In fact, KYC could be handled both faster and safer if we could prove something not to be true (see Type I/II Errors). Today, KYC involves aggregating user data in a central database, like World-Check; subscribing various businesses to such a data provider; and querying the database to see if a potential customer is listed.
The centralization of such a database presents several concerns. User data is vulnerable to compromise in a breach (see Equifax on centralized data storage), multiple KYC providers expend (read: waste) effort to cover the same demographics, and businesses wishing to do KYC screening are beholden to the data providers’ APIs.
What if we used a bloom filter whose elements are the full name || birthday || SSN
of each individual in an existing database who has a Government Approved Demerit™?
To store an offender registry the size of the United States, you’d require < 1GB of space with p = 0.00001
of a false positive given 17 hashing functions. Benefits include that
When there’s a no positive match for a prospective customer, she can be onboarded right away. There is no possibility of a false negative.

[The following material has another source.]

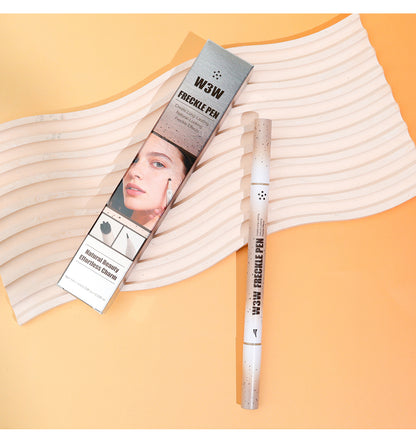 W3W Dual-Tip Faux Freckle Pen – Waterproof & Smudge-Proof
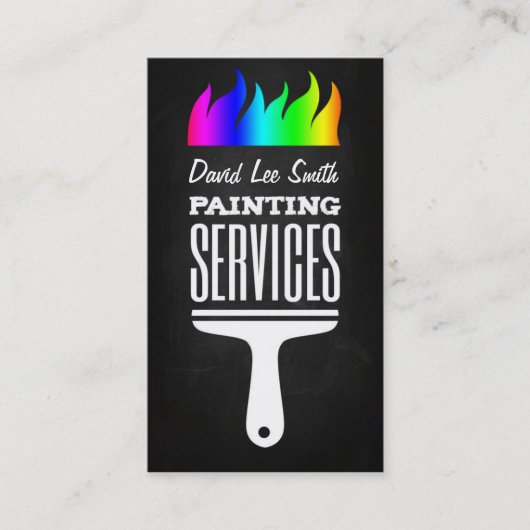 Professional Painting Service 名刺 (正面)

When there is a match, the KYC provider determined to have uploaded hashed data to the (distrubted) file store is engaged to continue the investigation. This is presumably better for KYC providers because they are engaged only in labor intensive—i.e. billable—cases.

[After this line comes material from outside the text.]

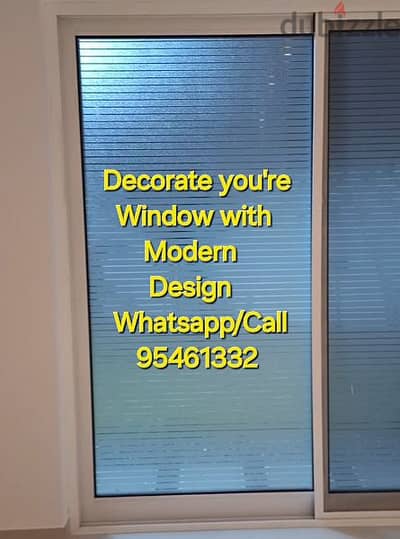 Windows Glass Sticker Frosted Black film installation service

Since the cost of storing data is so low, there’s no need to have a vague “wrong-doers” database; we can create different file stores by offense (and still maintain user privacy). There could be several databases checking for traits like politically exposed personhood, record of money laundering, or civil suits.
The system described so far falls short in that it creates a perverse incentive for KYC providers and doesn’t guarantee user privacy. Both can be solved with a single modification.

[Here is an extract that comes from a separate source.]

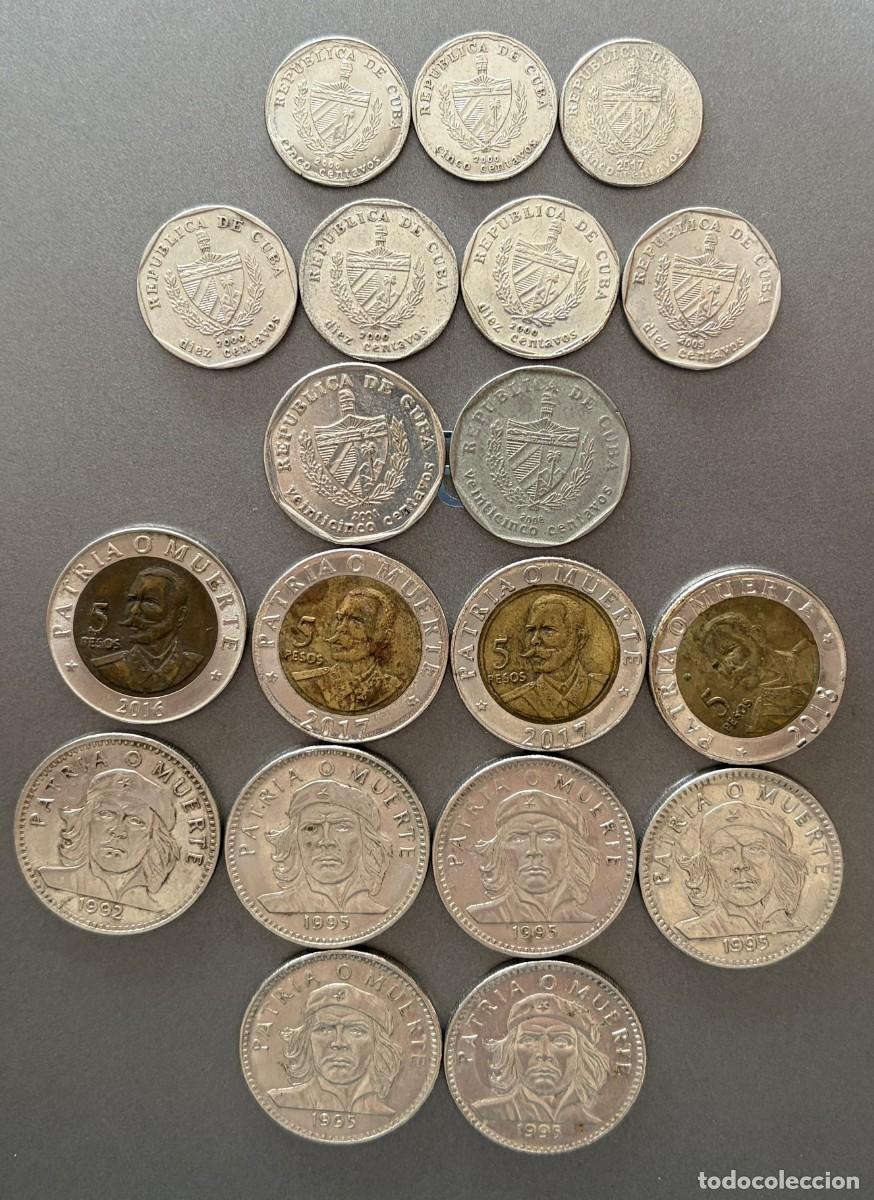Monedas antiguas de Am&eacute;rica: BKCU002, LOTE DE MONEDAS DE CUBA, ERNESTO CHE GUEVARA, ANTONIO MACEO,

The perverse incentive for KYC providers is simple: they have no power to monetize negative matches and might thus decide to inject false positives into the filter (by adding random 1-bits). At the same time, user privacy is gone once a snooper knows their name, birthday, and ssn.
Both issues are mitigated by modifying the preimage of the hash entered into the bloom filters with a KYC provider’s secret key. To upload some user to a bloom filter database, the KYC provider would take
preimage = HMAC(first name || last name || birthday, secret key)
and then enter preimage
into the bloom filter. To query the data, a business would hit the KYC provider’s API with first name || last name || birthday
(presumably for some small cost) and receive the preimage
. The business would then use the preimage
to search the database. It’s obvious how this protects user privacy.
Should the KYC provider wish to perform a false positive injection, client businesses would discover the fraud by comparing the algorithmic false positive probability with their experienced rate of false positives.